Please restate word for word the lines of the entries below from the one with "Zorb Balls (Pair)" to the one with "appartamento in affitto", inclusive, and leave out every picture.

==== Dataset entries

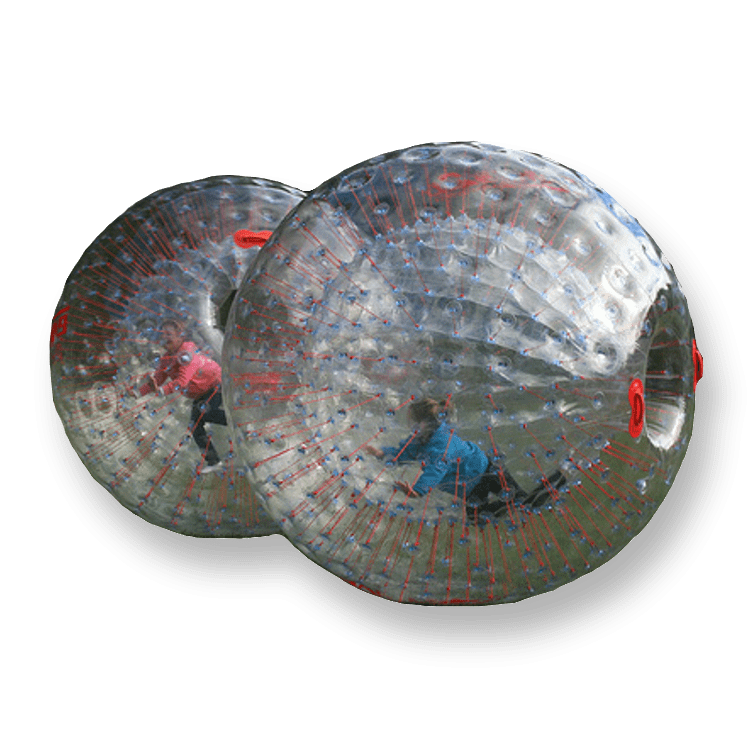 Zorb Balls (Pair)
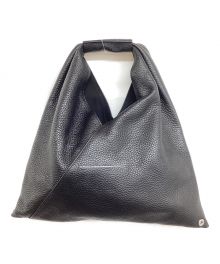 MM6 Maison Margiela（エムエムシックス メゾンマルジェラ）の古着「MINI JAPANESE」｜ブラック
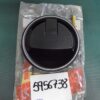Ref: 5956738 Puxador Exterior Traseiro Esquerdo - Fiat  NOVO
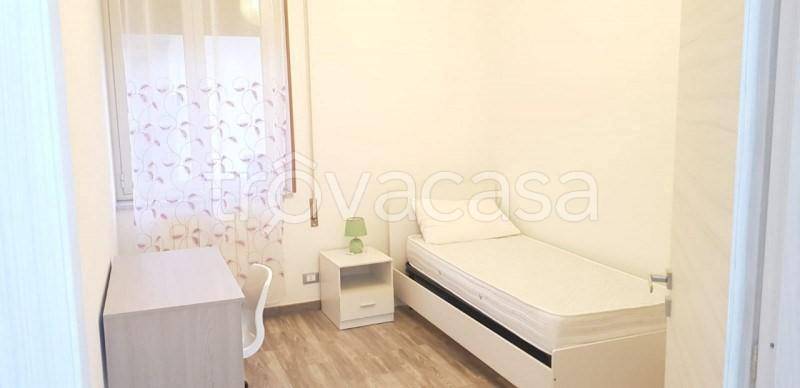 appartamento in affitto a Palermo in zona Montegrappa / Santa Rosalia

========
==== Dataset entries

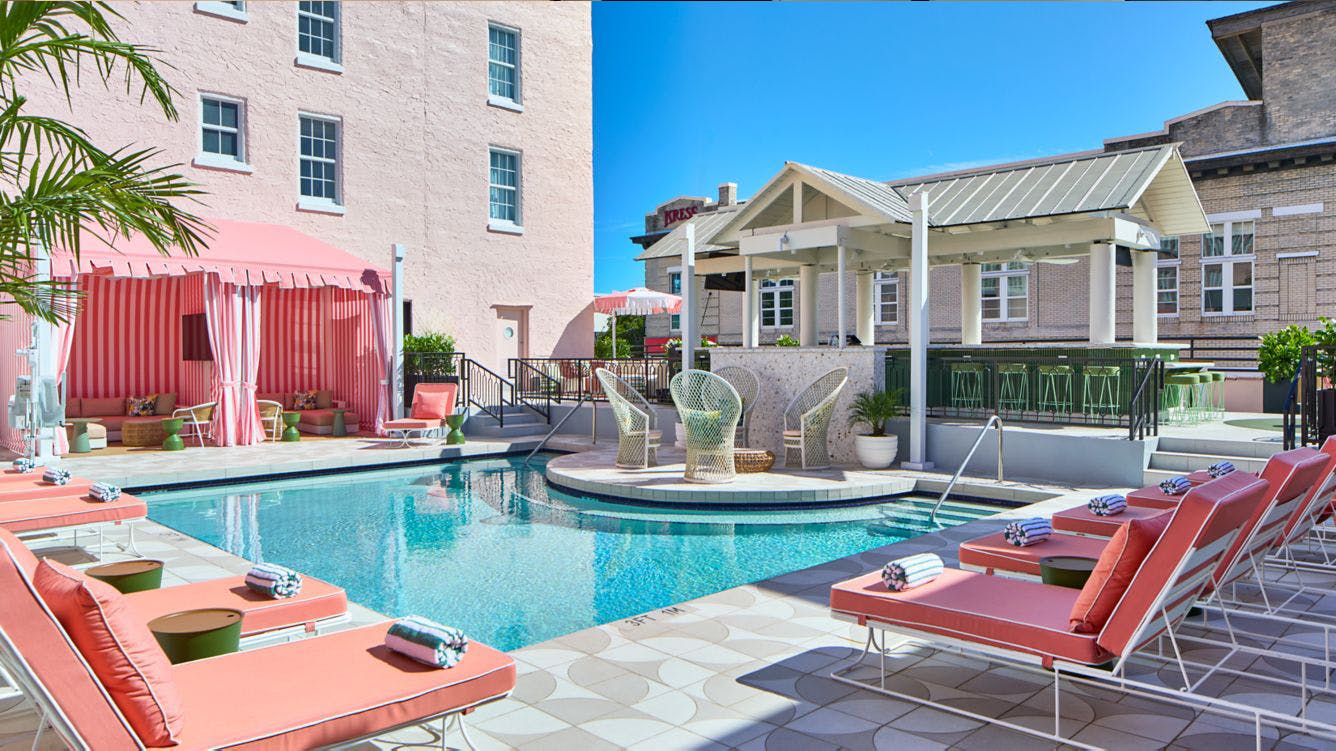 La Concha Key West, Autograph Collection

========

Answer area:
 Zorb Balls (Pair)
 MM6 Maison Margiela（エムエムシックス メゾンマルジェラ）の古着「MINI JAPANESE」｜ブラック
Ref: 5956738 Puxador Exterior Traseiro Esquerdo - Fiat  NOVO
 appartamento in affitto a Palermo in zona Montegrappa / Santa Rosalia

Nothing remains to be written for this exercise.